従属の論理はどのように形成されたのか 《安保幻想》と《吉田神話》日本外交の論理を歴史から見直す。

★前衛2002年5月号 「特集 安保発効50年」

★前衛2002年5月号「従属の論理はどのように形成されたのか」 <安保幻想>と<吉田神話>日本外交の論理を歴史から見直す中部大学教授三浦陽一氏論文をご本人のご許可のもと、 掲載させていただきました。★

「外国の軍隊はこれを招きいれた側に必ず災いを与える。なぜなら、外国軍が負けるとあなたは滅びるし、勝てば勝ったで、 あなたは外国援軍の虜(とりこ)になるからである。コンスタンティノポリスのある皇帝は、周辺の国に対抗するためにトルコ兵一万人をギリシャに導き入れた。 しかしこの外国の兵は戦争が終わっても去ろうとしなかった。外国援軍の兵士は外国の王に忠誠を誓っている。異教徒に対するギリシャの隷属はここにはじまる」
(マキアベリ『君主論』)

 アメリカ同時多発テロ事件を契機に、日本は戦時派兵国になった。「正義」を口実に戦争をするーそれは、いわば「日本のアメリカ化」と言えよう。 逆に、「アメリカの日本化」を指摘する識者もいる。アメリカでは、テロ対策と称してアラブ系移民を不当に逮捕したり、 イスラム教徒にいやがらせをする事件が起こっている。戦争に協力的でない人を弾圧し、「非国民」と呼んだ戦前の日本に似ているからである。

 このように、日本とアメリカがある種の一体化をとげていくなかで、経済を見れば、日本の状況は悪く、アメリカ経済とは非対称なところがある。 日本の現状と将来をどう読み解けばいいのだろう。

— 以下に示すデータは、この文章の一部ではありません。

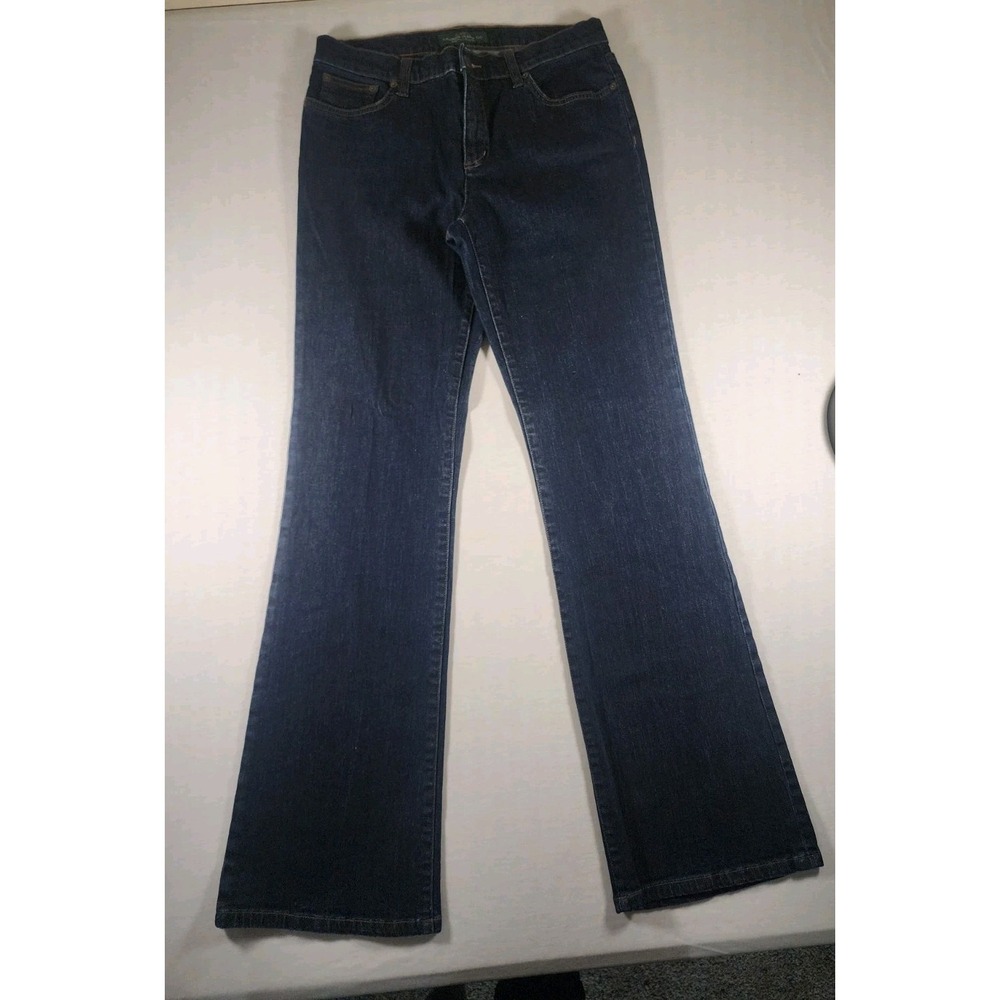 Lauren Ralph Lauren‎ Y2k Straight Mini Flare Classic Denim Womens 8 Mid Rise - Picture 2 of 12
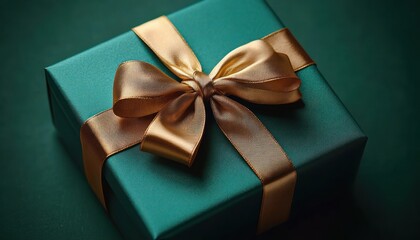 emerald green gift box wrapped with a golden satin ribbon and bow, elegant festive present conveying anticipation and celebration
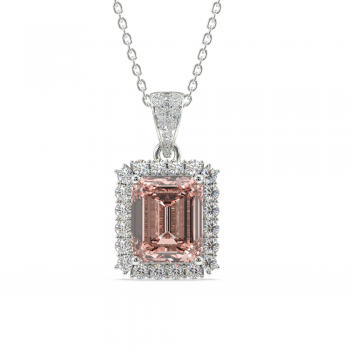 Pandantiv cu Morganit de 6.95 ct si diamante de 0.99 ct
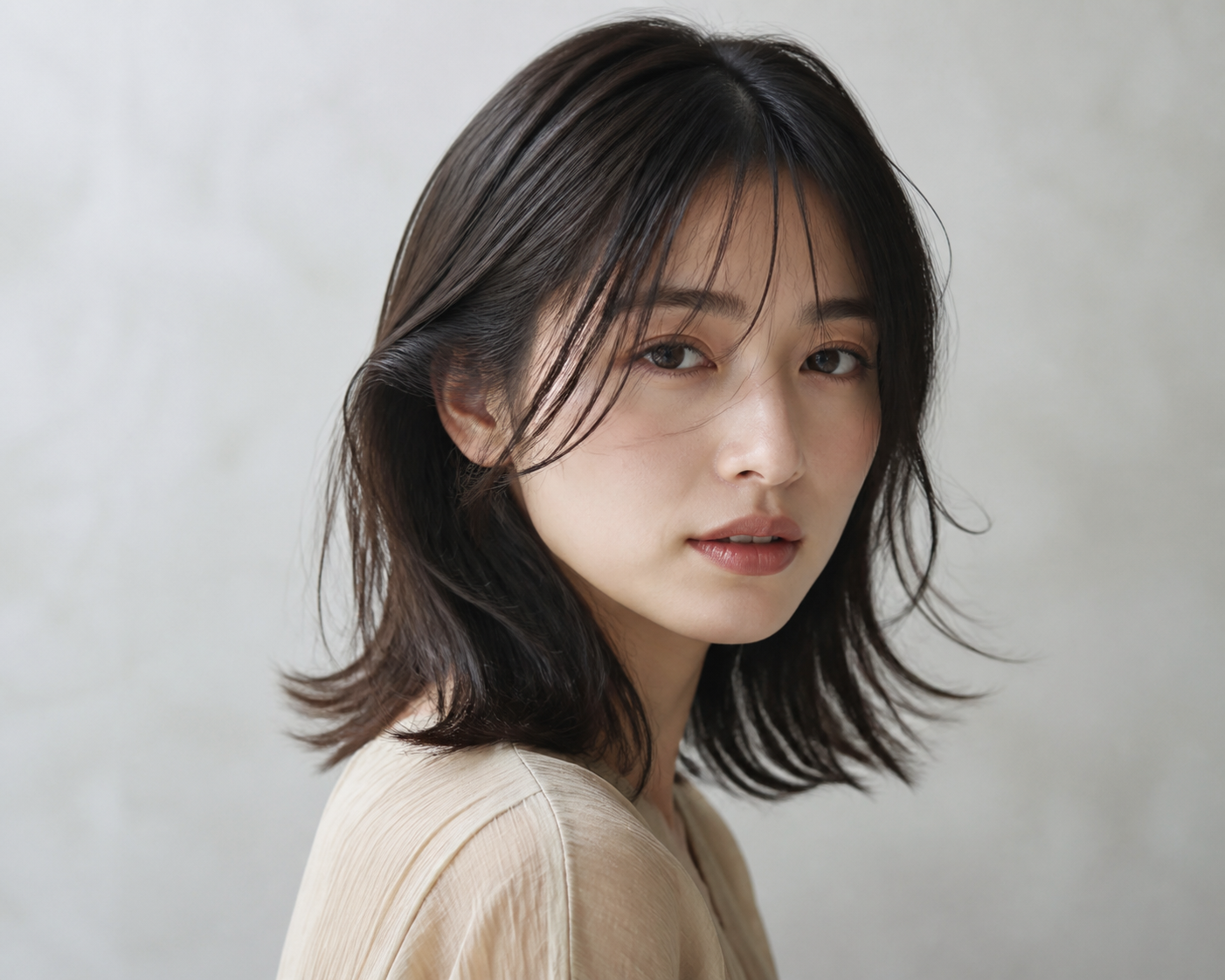 Asian woman wearing a soft whisper fringe with natural movement and airy texture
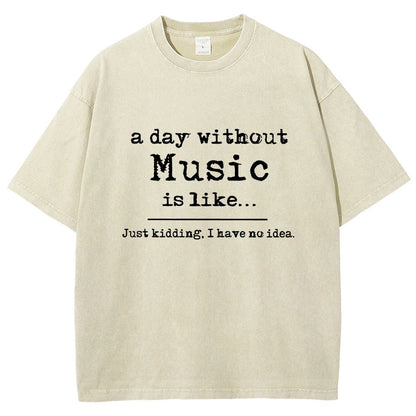 A Day Without Music Is Like Vintage Distressed T-shirt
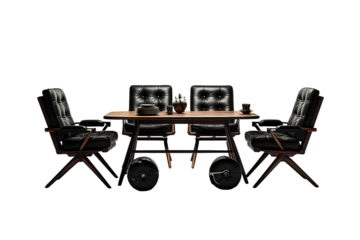 The Mobile Meeting - A Table With Chairs and a Table With Wheels on White or PNG Transparent Background.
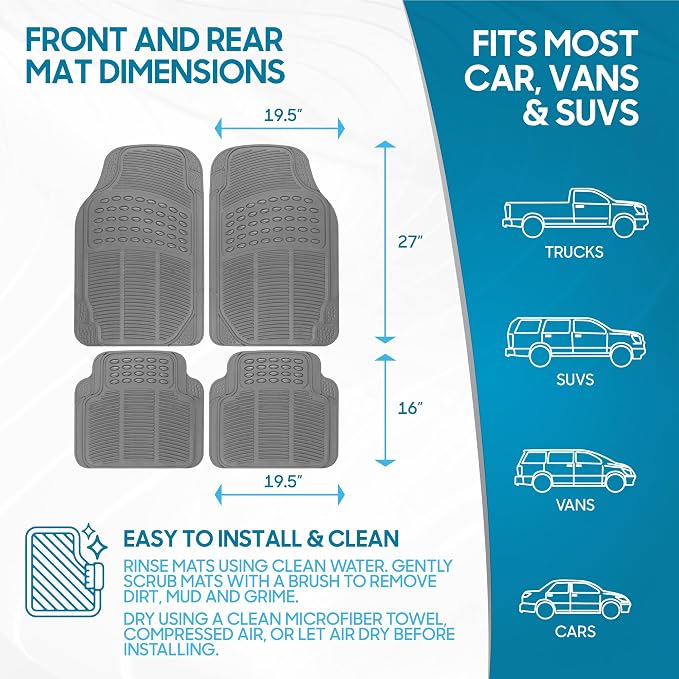 BDK ProLiner Floor Mats for Cars Trucks SUV, 4-Piece All-Weather Car Mats with Universal Fit Design, Durable Car Floor Mats with Capture Ridges, Waterproof Rubber Floor Mats for Cars (Gray)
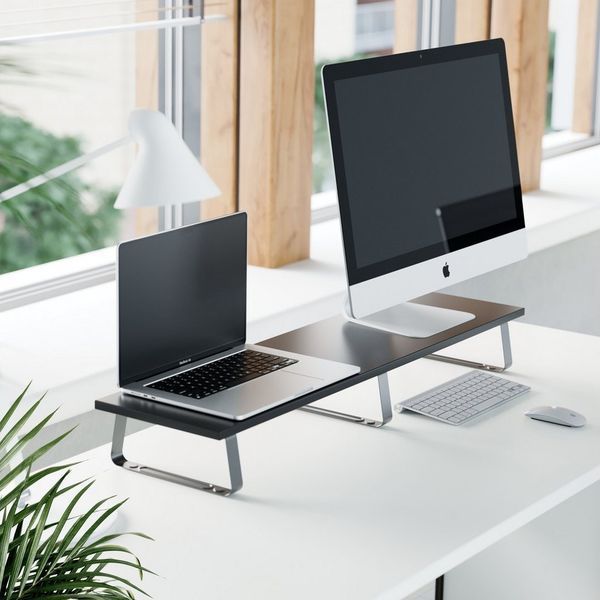 RICOO Schreibtischaufsatz Monitor Tischaufsatz FS0112 für 2x 13-32 Zoll (33-81 cm) Monitore, (Computer Monitor Stand, 1-St, stabil bis 20Kg belastbar), Monitorständer Schreibtisch Monitorerhöhung Bildschirm Tisch Aufsatz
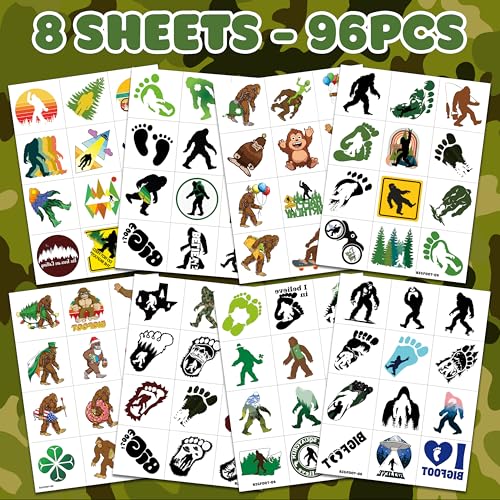96 PCS Bigfoot Temporary Tattoos for Kids Party Favors
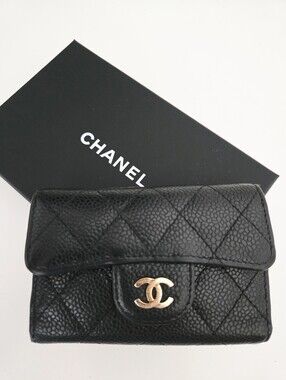 Authentic CHANEL Matelasse Quilted Classic Flap Key Card Holder Wallet Set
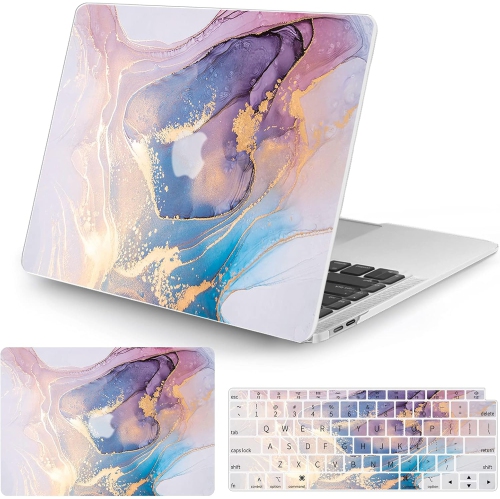 Compatible avec l'étui pour portable MacBook Air de 13&nbsp;po 2020 2019 2018 Release A2337 M1/A2179/A1932, étui marbré coloré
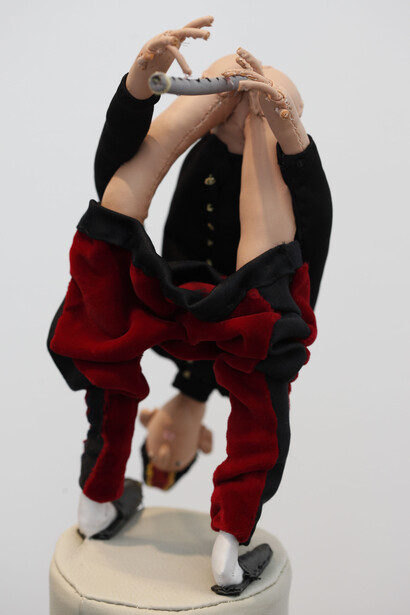 Merav Kamel, Halil Balabin, The Fifer, cloth sculpture, 2015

日本の針路がますます不透明だと感じている人は多いだろう。そうさせている根本要因に、安保体制がある。

 日本の軍事・経済・政治をアメリカに追随させるための仕組みである安保。それを「なんとなく」肯定したり、当然の前提とさえ考える傾向は、じつに根深い。 私が接している学生たちのかなりの部分が、「米軍基地がなかったら日本は危険にさらされる」 「もしアメリカの保護がなかったら、もっと軍事費が必要になり、戦後の経済成長はなかっただろう」などと語る。

 わが国の小泉政権は「改革」をくり返し口にする。「改革と言う以上、何を矛盾と考え、どう変えようというのかが問題になるが、小泉首相には、 アメリカとの関係で日本がかかえている深刻な矛盾が全く見えていないようである。

 アメリカでのテロ事件の後の日本政府の対応は、まったくのアメリカ追随であり、昨年夏の沖縄での海兵隊員による女性への暴行事件についても、 小泉首相は一言もアメリカに抗議をしなかった。なぜ、アメリカとの矛盾が見えないのか。アメリカは日本を守ってくれているという意識―幻想が根本にあるからだろう。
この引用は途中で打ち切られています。